**Task instructions**:
In the records below, repeat word for word only the lines starting at the one that contains "Lithium bromide is" and ending at the one that contains "I used to wash them", pictures excluded.

[Given records Boundary: Start]

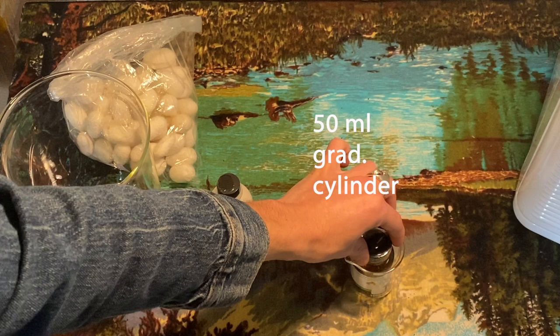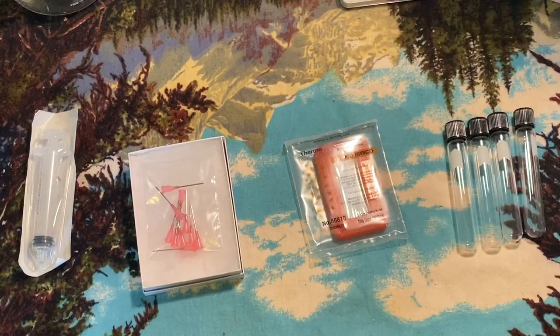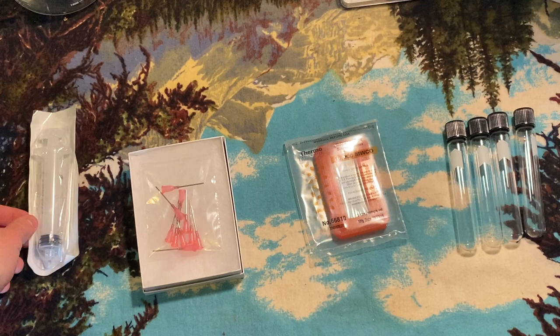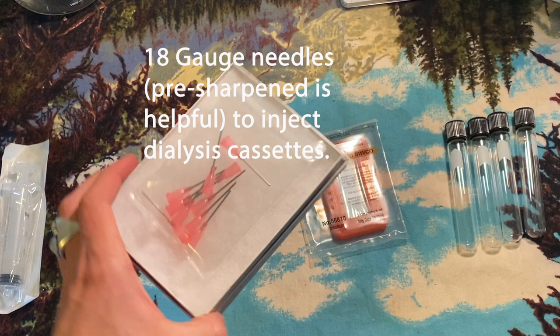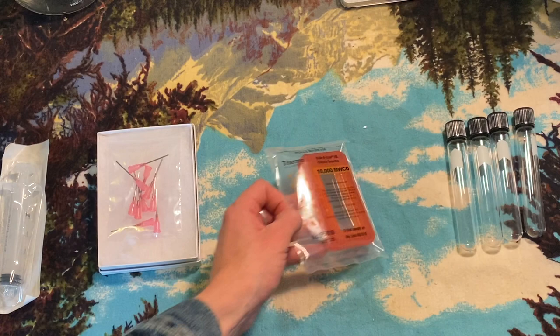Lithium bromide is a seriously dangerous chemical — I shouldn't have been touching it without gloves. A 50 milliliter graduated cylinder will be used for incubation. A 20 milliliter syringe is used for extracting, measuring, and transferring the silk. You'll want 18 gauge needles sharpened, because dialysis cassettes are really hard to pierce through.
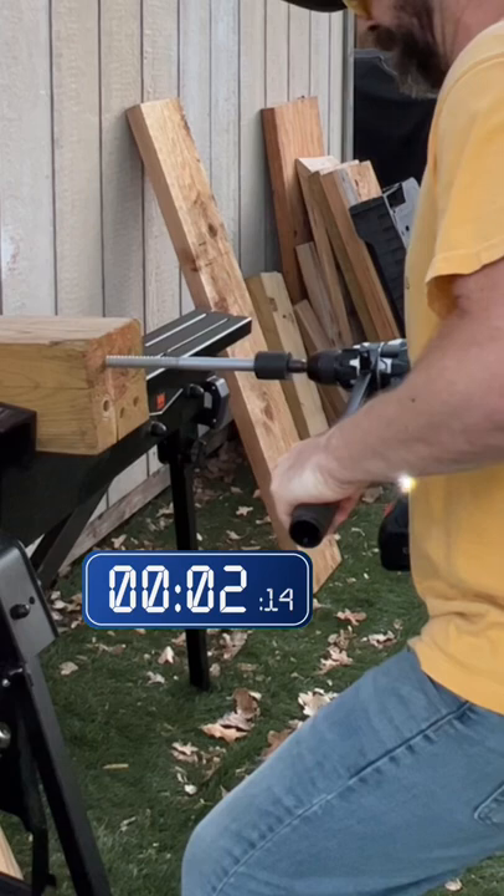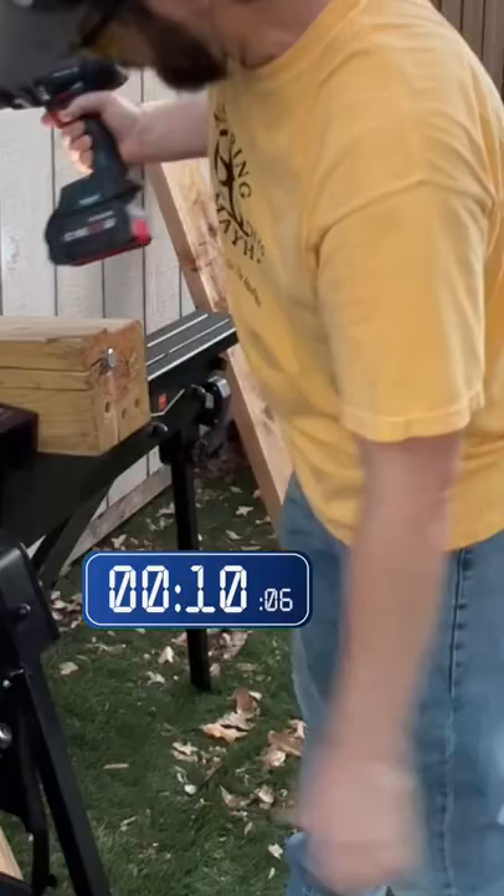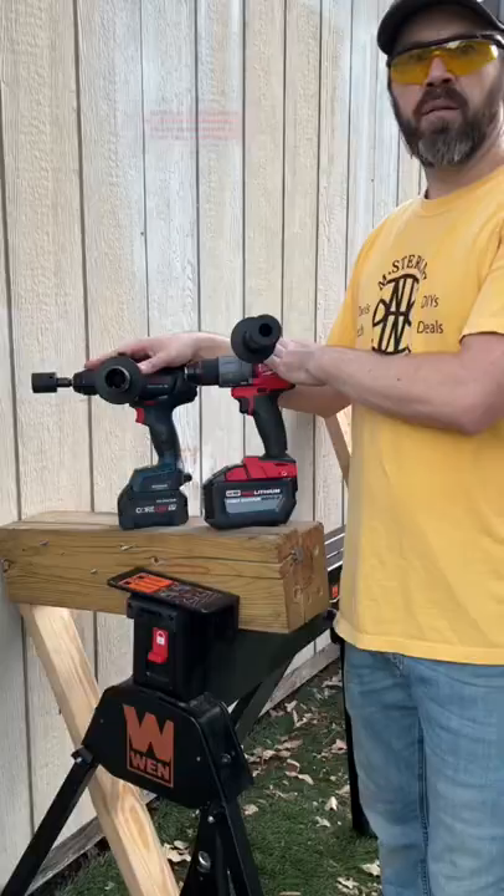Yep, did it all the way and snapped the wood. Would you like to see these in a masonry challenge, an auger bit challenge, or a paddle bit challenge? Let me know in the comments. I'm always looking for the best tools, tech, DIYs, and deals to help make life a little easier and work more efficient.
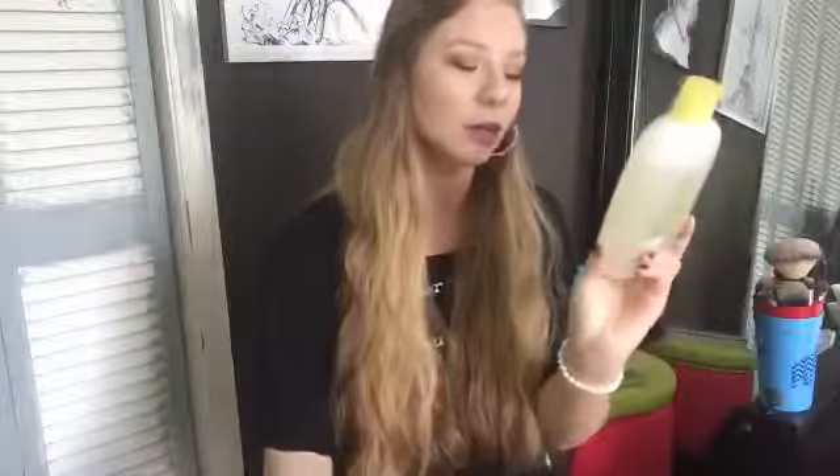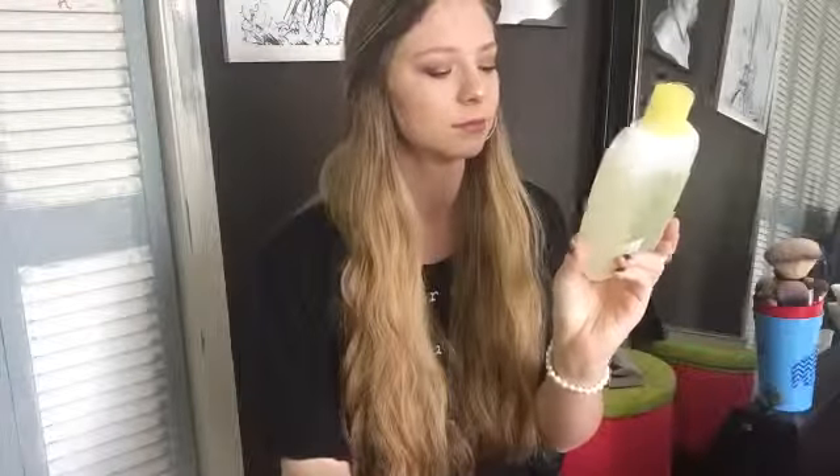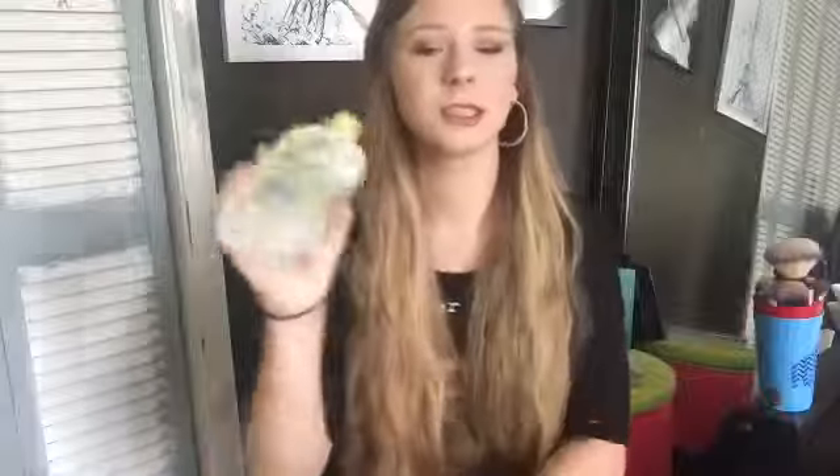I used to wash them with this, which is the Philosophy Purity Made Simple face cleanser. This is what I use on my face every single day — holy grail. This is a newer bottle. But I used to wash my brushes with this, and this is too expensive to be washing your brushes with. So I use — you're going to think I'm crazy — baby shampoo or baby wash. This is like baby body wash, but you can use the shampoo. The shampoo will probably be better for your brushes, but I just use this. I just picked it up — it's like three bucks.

[Given records Boundary: End]
[Given records Boundary: Start]

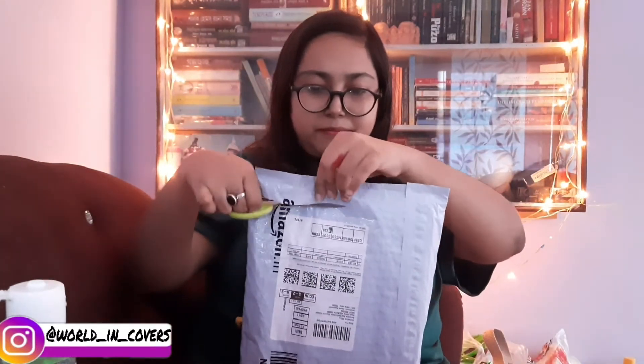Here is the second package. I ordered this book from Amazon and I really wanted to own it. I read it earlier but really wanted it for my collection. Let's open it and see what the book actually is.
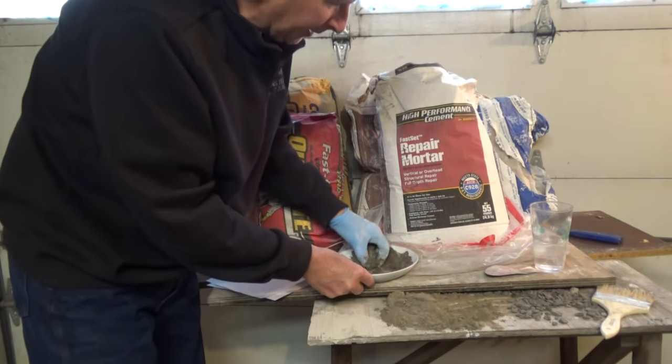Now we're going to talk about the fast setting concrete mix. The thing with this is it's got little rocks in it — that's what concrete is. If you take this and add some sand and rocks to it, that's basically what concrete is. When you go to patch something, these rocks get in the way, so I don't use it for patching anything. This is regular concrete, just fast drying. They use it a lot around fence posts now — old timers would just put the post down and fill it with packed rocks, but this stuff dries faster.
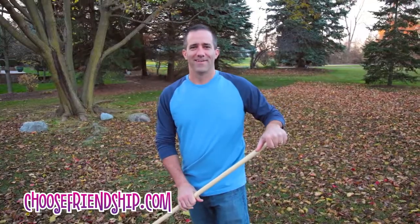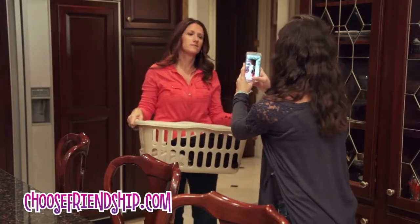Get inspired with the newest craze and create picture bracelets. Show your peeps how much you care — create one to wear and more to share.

[Given records Boundary: End]

**Response**:
Lithium bromide is a seriously dangerous chemical — I shouldn't have been touching it without gloves. A 50 milliliter graduated cylinder will be used for incubation. A 20 milliliter syringe is used for extracting, measuring, and transferring the silk. You'll want 18 gauge needles sharpened, because dialysis cassettes are really hard to pierce through.
Yep, did it all the way and snapped the wood. Would you like to see these in a masonry challenge, an auger bit challenge, or a paddle bit challenge? Let me know in the comments. I'm always looking for the best tools, tech, DIYs, and deals to help make life a little easier and work more efficient.
I used to wash them with this, which is the Philosophy Purity Made Simple face cleanser. This is what I use on my face every single day — holy grail. This is a newer bottle. But I used to wash my brushes with this, and this is too expensive to be washing your brushes with. So I use — you're going to think I'm crazy — baby shampoo or baby wash. This is like baby body wash, but you can use the shampoo. The shampoo will probably be better for your brushes, but I just use this. I just picked it up — it's like three bucks.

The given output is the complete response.